HarmBench measures attack success on harmful behaviors. XSTest catches over-refusal (false positives). WMDP probes weapons-of-mass-destruction-proxy knowledge. TruthfulQA probes whether models parrot common misconceptions.
| Benchmark | What it measures |
|---|---|
| HarmBench | 200+ harmful behaviors with jailbreak attempts. Measures attack success. |
| XSTest | Over-refusal: 250 safe prompts that look unsafe. Measures false-refusal rate. |
| JailbreakBench | Standard jailbreak corpus (PAIR, AutoDAN, etc.) |
| WMDP | Weapons-of-mass-destruction proxy. Probes dangerous knowledge. |
| BBQ | Bias in QA. Measures stereotype reliance. |
| TruthfulQA | Misconceptions / falsehoods. Measures whether model parrots common errors. |
- HarmBench + XSTest pair: attack success vs over-refusal — both matter.
- WMDP = the dangerous-capability eval that affects RSP / Preparedness levels.
A score in isolation is meaningless. Always ask: prompt template, sampling strategy (pass@1 vs N), test vs holdout, contamination risk, human baseline. Sr Staff candidates question every score reflexively.
- What's the prompt template? Few-shot vs zero-shot, CoT vs no-CoT, system prompt — all change scores by 5-15%.
- Pass@1, pass@k, maj@N, or best-of-N? Wildly different compute footprints; sampling strategy can swing scores 20+ points.
- Test set or private holdout? If test, contamination risk applies.
- Was it contaminated in pretraining? Check the data cutoff vs the benchmark publication date.
- What's the human baseline? A model scoring 60% might be human-level on a hard eval, or below random on a hard eval.
Holistic / aggregate evals worth knowing
- HELM (Stanford) — multi-metric, multi-benchmark holistic eval. Slow but thorough.
- OpenLLM Leaderboard v2 (HF) — community-run aggregate, includes GPQA, MMLU-Pro, MUSR, BBH, IFEval, MATH-Hard.
- LiveBench — contamination-free, monthly refresh.
- Chatbot Arena — community winrate. Most user-facing leaderboard.
- Always interrogate the methodology before quoting a score.
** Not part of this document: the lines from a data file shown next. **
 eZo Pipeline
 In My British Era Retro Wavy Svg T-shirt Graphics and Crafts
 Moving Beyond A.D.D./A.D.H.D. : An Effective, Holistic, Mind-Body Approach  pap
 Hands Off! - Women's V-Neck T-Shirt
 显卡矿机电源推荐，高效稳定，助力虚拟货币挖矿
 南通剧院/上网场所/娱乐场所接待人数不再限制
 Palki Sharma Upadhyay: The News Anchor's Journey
- Pass@1 is the production-relevant metric. Pass@N shows ceiling.
- If a paper doesn't disclose prompt template + sampling, the score is suspect.
Sample interview Qs
- "What's the difference between MMLU and MMLU-Pro?" → MMLU-Pro: 10 options vs 4, harder distractors, more reasoning required, less saturated.
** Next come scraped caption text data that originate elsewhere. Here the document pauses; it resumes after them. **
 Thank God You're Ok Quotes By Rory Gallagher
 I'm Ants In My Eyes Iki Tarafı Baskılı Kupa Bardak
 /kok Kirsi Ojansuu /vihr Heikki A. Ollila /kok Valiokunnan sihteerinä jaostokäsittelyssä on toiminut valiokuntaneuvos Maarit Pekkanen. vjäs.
- "Why is GPQA-Diamond contamination-resistant?" → Hand-written by domain PhDs; many problems require multi-step reasoning that's not memorizable; held out from web crawl.
- "Pass@1 vs Pass@10 — when each?" → Pass@1: production-relevant (one-shot quality). Pass@10: capability ceiling under sampling. Difference shows how much test-time compute helps.
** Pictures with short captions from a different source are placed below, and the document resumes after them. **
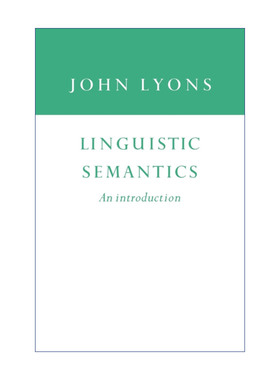 英文原版 Linguistic Semantics 语义学引论 约翰·莱昂斯 英文版 进口英语原版书籍
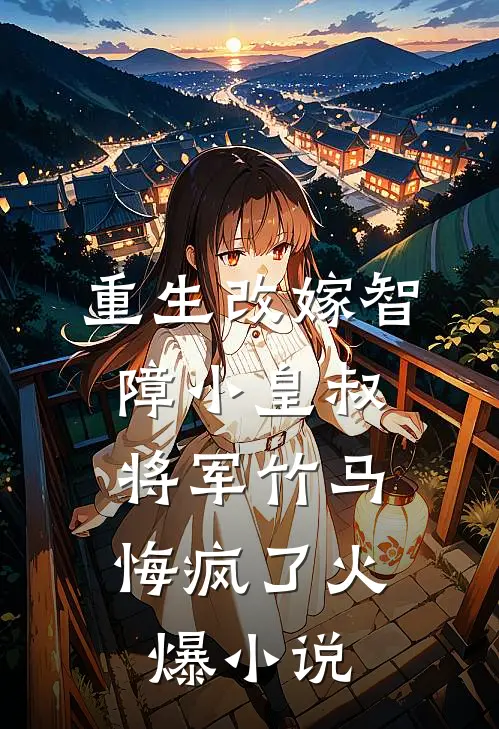重生改嫁智障小皇叔，将军竹马悔疯了火爆小说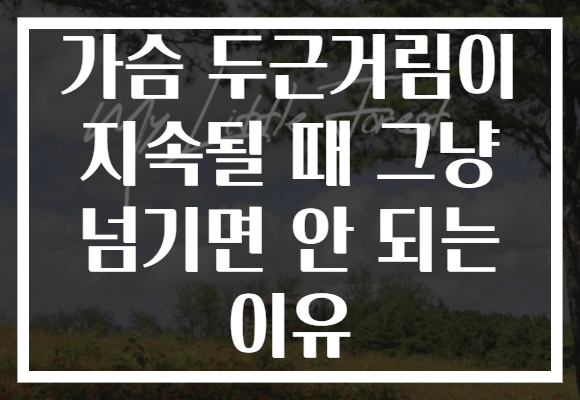 가슴 두근거림이 지속될 때 그냥 넘기면 안 되는 이유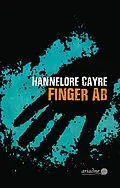 E-Book (epub) Finger ab von Hannelore Cayre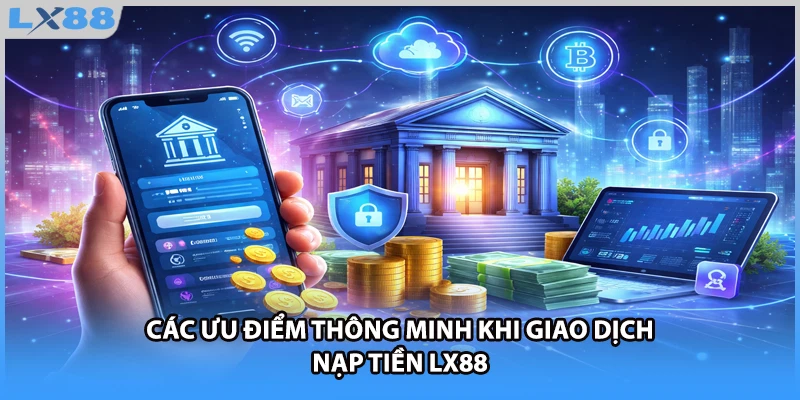Các ưu điểm thông minh khi giao dịch nạp tiền LX88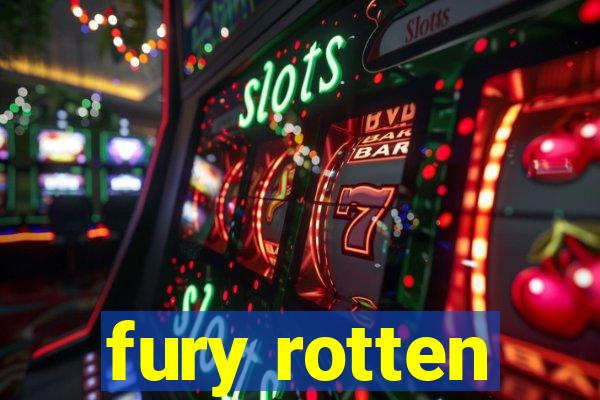 fury rotten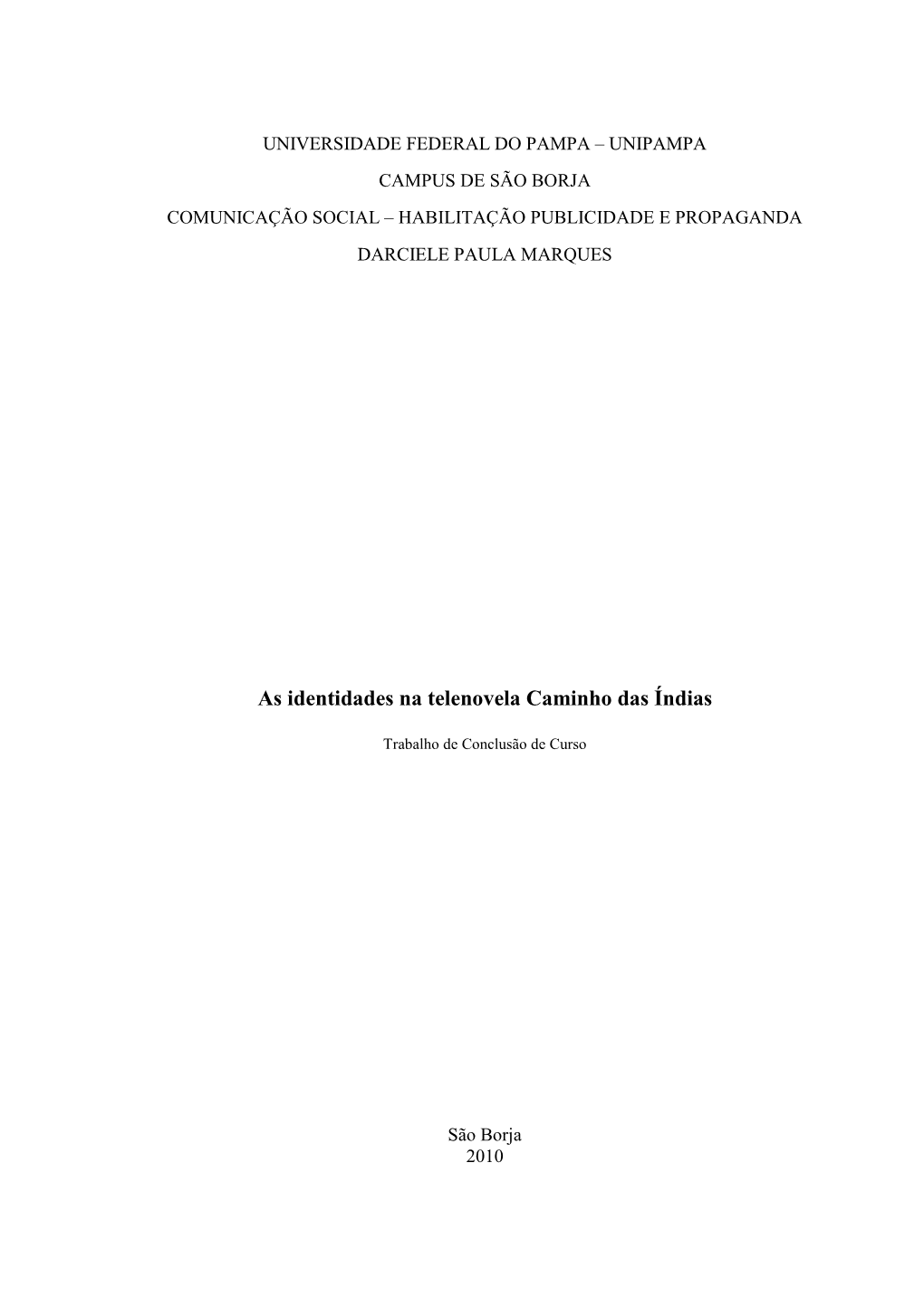 Universidade Federal Do Pampa – Unipampa Campus De São Borja Comunicação Social – Habilitação Publicidade E Propaganda Darciele Paula Marques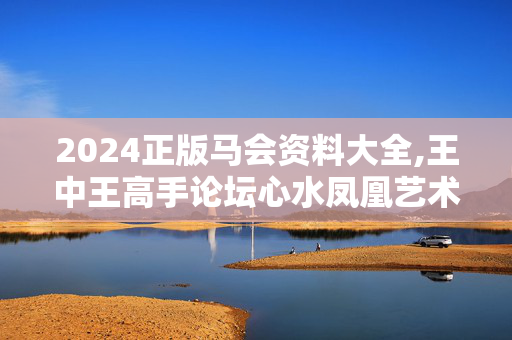 2024正版马会资料大全,王中王高手论坛心水凤凰艺术,3网通用：手机版531.711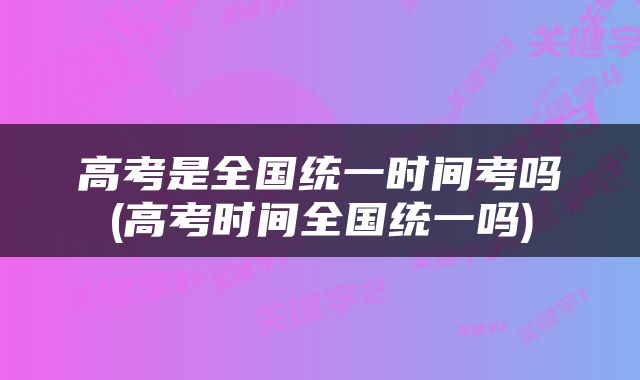高考是全国统一时间考吗(高考时间全国统一吗)
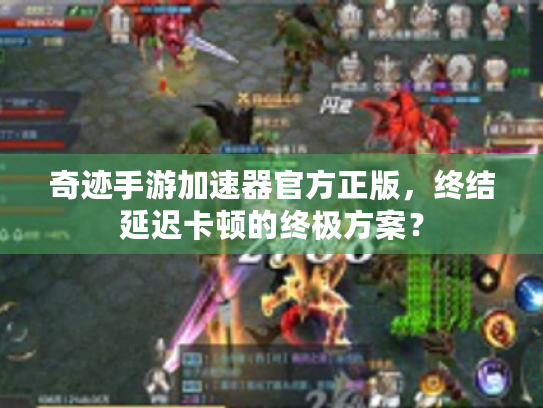 奇迹手游加速器官方正版,终结延迟卡顿的终极方案? 奇迹手游加速器官方正版,终结延迟卡顿的终极方案?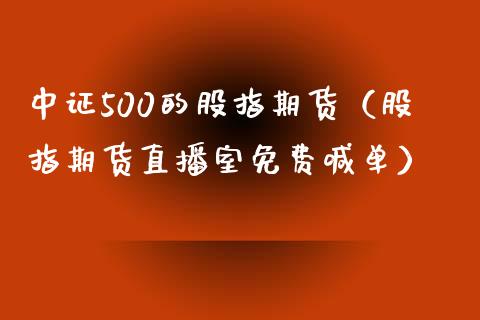 中证500的股指期货（股指期货直播室免费喊单）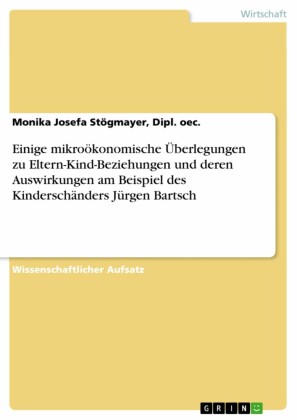 Einige mikroökonomische Überlegungen zu Eltern-Kind-Beziehungen und deren Auswirkungen am Beispiel des Kinderschänders Jürgen Bartsch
- "Why is Chatbot Arena criticized?" → Stylistic preferences (emoji use, response length, formatting) influence votes more than capability; not a clean capability eval. Style-controlled variants exist.
- "What does SWE-Bench measure that HumanEval doesn't?" → Real multi-file code edits in actual repos with real test suites; agent loop (read → patch → test); long-context understanding; agentic planning. HumanEval = single-function gen.
- "How would you build an internal eval for your team?" → Curated holdout from real prod traffic; LLM-as-judge with calibration; human spot-checks; per-segment slicing (easy/hard/by topic); regression gates; track over time.